• [Dataset entries]
________________
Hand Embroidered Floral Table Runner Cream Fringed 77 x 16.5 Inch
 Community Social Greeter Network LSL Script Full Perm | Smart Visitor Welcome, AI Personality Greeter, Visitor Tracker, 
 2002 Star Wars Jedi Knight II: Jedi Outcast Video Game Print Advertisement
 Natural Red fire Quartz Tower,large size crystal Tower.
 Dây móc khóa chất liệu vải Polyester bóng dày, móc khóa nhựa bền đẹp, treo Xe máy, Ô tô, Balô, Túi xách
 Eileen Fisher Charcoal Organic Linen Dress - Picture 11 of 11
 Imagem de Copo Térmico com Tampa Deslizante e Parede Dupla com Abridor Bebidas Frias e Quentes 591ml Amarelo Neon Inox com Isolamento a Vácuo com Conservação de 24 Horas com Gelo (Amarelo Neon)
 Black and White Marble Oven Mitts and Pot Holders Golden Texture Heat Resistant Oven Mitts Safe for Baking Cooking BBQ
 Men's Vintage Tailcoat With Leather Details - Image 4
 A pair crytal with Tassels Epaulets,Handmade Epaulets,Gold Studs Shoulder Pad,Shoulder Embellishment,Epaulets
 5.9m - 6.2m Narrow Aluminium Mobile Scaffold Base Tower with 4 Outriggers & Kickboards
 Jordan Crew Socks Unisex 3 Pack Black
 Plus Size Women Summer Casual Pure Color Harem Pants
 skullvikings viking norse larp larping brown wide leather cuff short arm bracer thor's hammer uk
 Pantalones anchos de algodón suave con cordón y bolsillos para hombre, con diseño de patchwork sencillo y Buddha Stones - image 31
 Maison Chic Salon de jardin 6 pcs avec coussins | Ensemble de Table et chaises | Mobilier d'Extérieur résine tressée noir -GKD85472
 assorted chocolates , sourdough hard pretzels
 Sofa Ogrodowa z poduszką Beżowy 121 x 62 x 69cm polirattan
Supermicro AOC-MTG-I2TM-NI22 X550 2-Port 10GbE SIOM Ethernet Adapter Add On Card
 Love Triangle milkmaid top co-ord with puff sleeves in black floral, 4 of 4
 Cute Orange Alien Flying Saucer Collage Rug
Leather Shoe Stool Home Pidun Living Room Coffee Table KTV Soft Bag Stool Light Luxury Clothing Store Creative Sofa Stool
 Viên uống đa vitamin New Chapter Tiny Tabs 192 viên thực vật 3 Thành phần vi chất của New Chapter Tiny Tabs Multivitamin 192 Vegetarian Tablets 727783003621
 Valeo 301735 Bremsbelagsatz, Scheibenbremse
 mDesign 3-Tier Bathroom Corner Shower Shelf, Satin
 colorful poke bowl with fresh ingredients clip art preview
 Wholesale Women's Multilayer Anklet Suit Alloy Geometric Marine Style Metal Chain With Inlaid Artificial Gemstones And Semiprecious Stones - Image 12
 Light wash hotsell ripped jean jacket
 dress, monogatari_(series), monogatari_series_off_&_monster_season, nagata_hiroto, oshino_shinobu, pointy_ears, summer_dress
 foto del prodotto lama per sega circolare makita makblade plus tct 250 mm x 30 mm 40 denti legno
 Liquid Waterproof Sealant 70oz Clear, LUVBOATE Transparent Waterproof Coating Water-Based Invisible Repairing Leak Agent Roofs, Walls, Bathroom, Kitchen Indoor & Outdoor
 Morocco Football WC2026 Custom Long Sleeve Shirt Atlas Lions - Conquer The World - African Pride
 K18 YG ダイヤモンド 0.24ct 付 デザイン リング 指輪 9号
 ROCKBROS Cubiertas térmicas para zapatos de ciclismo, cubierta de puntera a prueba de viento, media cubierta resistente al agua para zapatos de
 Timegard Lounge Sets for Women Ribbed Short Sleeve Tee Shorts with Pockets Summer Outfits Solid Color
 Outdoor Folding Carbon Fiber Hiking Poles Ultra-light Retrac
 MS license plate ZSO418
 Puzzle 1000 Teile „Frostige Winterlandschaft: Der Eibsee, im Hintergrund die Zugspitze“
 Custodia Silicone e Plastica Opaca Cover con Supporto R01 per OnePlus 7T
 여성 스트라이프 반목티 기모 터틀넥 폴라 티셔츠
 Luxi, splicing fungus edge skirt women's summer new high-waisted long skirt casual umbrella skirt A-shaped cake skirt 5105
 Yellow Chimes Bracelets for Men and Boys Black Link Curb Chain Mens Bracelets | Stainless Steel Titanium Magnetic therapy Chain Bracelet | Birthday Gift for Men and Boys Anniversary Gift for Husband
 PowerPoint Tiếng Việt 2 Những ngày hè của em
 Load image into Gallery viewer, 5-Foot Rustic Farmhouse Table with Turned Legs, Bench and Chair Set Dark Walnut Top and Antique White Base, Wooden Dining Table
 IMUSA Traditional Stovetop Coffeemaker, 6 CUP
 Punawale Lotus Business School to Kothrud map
________________
• [Exercise requirements]
Show the lines above that include "White".

• [Exercise output]
 Black and White Marble Oven Mitts and Pot Holders Golden Texture Heat Resistant Oven Mitts Safe for Baking Cooking BBQ
 Load image into Gallery viewer, 5-Foot Rustic Farmhouse Table with Turned Legs, Bench and Chair Set Dark Walnut Top and Antique White Base, Wooden Dining Table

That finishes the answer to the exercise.